Tenho saudades da equipa, que era fantástica. Há duas pessoas do Câmara Clara que trabalham comigo no Visita Guiada, a Sara Oliveira e o João Nuno Soares. Tenho saudades das pessoas, era mesmo uma equipa maravilhosa, profissionais extraordinários. Mas digo-lhe que estou também muito contente a fazer o Visita Guiada... Aliás, a ideia de fazer um programa com as características do Visita Guiada surgiu-me durante o Câmara Clara, porque a certa altura começámos a sair do estúdio e eu comecei a adorar sair do estúdio. Já eram muitos anos em estúdio. Agora adoro andar cá fora. Adorei ter feito o Câmara Clara e fiquei muito triste quando acabou, obviamente. Mas eu acho que o que começa também naturalmente acaba. E eu tenho muita dificuldade com o tom de escândalo, que se instala em Portugal com muita facilidade. Eu escandalizo-me com outro tipo de coisas. Não questiono a legitimidade de quem acabou com o programa, mas se me perguntar se acho que o programa estava esgotado, eu respondo que não. E durou quase seis anos, coisa que nunca esperei que acontecesse. E eu acho que é saudável que venham outras pessoas fazer as coisas, para renovar, mostrar outros pontos de vista...

E foi subdiretora da RTP2 entre 2006 e 2012.

Fui, durante seis anos.

De que mais se orgulha desse tempo e do que fez nesse cargo?

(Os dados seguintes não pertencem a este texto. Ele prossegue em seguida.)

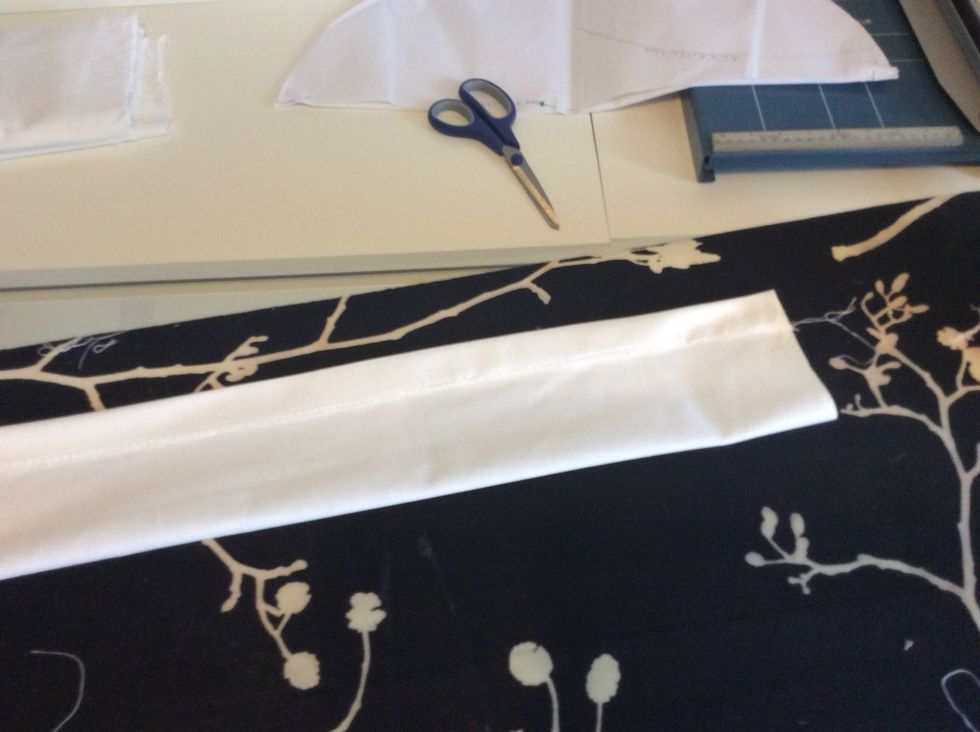 Vik tyget dubbelt med de tre cm p\u00e5 utsidan. Tv\u00e4rn\u00e5la kortsidorna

Orgulho-me do que a direção a que eu pertenci, que foi a direção do Jorge Wemans, fez pelo documentário em Portugal. Houve, durante anos, a possibilidade de se estrear um novo documentário nacional todas as semanas, o que é extraordinário. Esse foi, para mim, o maior contributo que a direção de Jorge Wemans deu ao audiovisual português. Mas fez-se outras coisas... A programação infantil foi um dos pratos fortes dessa direção, bem como a saudável interação com a chamada sociedade civil. Acho que conseguimos prestar verdadeiro serviço público. A direção a que eu pertenci tinha a convicção de que era possível cumprir o serviço público de uma forma criativa, inventiva e atrativa.

Mas saem a mal por causa da redução do orçamento para a RTP2...

A RTP2 foi sujeita a uma redução de orçamento de 80%.

E assim chegaram à conclusão de que não era possível fazer omeletas sem ovos...

Com certeza... Teria de falar com o Jorge Wemans sobre isso, mas ele achou que era impossível cumprir o mínimo daquilo a que estávamos obrigados e com o mínimo de qualidade com o dinheiro que tinha.

O caminho da RTP2 tem sido sinuoso ao longo da sua história, com várias guinadas...

Sim, tem tido algumas guinadas... Mas a RTP2 teve momentos grandiosos, e retiro desta avaliação a direção a que eu pertenci para não falar em causa própria. Digo isto como espectadora. Eu sou um produto da RTP2, para o bem e para o mal [risos]. Ou seja, eu aprendi a ver grande cinema na RTP e desde cedo na RTP2. Os grandes clássicos, grandes documentários, grandes séries, concertos... Eu aprendi muito através da televisão e através da RTP2. Quanto às oscilações a que se refere, acho que se devem naturalmente às diversas direções, o que também é legítimo... Nos últimos anos tem sido mais complicado pela absoluta falta de meios. E tenho a certeza de que é dificílimo fazer um canal aliciante com o orçamento atual da RTP2.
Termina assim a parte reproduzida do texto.